I don't know the answer to the last question, but I suppose my answer to the first one is that, first of all, the story isn't actually over--and secondly, we were never fully candid and never really that marginal to begin with. Graduate school and the job market may have traumatized us, and we may even have spent a year or two as contingent faculty, but let's face it: those of us who went to fancy Ph.D. programs weren't ever in the belly of the academic beast (though we may have spent some time caught unpleasantly in his esophagus). So if we're more privileged now than we were then, it's only a matter of degree.
My point isn't that only the most marginal deserve our sympathy or have stories worth telling, but the opposite: academia can be brutalizing even for the relatively privileged, and as long as we're not conflating our lot with that of those further down the privilege chain--and as long as we're listening to them, too--writing honestly about our professional lives is a service no matter where we are or how much good fortune seems to outweigh the bad. (That guy we all know who didn't get tenure at Harvard or Yale or Chicago a decade ago, and who retells the story every year at the the conference hotel bar?

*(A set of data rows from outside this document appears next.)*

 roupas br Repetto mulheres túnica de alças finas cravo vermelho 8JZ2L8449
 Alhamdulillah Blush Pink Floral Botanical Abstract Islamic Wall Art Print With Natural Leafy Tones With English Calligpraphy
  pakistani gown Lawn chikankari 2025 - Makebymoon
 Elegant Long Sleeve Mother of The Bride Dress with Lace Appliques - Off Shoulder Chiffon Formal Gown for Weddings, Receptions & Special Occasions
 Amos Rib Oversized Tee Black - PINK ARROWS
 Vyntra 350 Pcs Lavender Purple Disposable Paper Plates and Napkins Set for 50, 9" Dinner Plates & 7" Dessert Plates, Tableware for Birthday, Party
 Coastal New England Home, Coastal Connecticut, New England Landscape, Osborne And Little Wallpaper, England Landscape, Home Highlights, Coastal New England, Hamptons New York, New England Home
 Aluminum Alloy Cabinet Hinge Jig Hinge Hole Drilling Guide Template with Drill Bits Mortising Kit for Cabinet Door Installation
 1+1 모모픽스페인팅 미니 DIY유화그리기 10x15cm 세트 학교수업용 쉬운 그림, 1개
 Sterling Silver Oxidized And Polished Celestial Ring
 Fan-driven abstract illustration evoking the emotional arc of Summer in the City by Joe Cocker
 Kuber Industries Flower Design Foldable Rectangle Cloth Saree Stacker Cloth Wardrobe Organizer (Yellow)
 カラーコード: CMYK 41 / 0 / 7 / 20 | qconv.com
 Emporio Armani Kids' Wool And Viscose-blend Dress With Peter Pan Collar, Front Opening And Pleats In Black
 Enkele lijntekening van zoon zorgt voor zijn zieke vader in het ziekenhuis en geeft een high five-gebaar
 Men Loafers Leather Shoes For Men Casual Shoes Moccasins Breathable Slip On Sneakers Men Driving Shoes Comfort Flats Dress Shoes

Yeah, he's annoying as hell. But his story about the profession is a real one too.)
In the comments to my last post, I mentioned that I was striving to write both honestly and ethically: I want to tell the truth, including the emotional truth, of my professional life without being merely emotional and reactive, in a way that maintains the privacy of those who haven't signed up to be blogged about, and also in a way that at least implicitly recognizes my own privilege.
We'll see how it goes. But I'm hopeful that my life post-tenure is still worth writing about, and worth reading.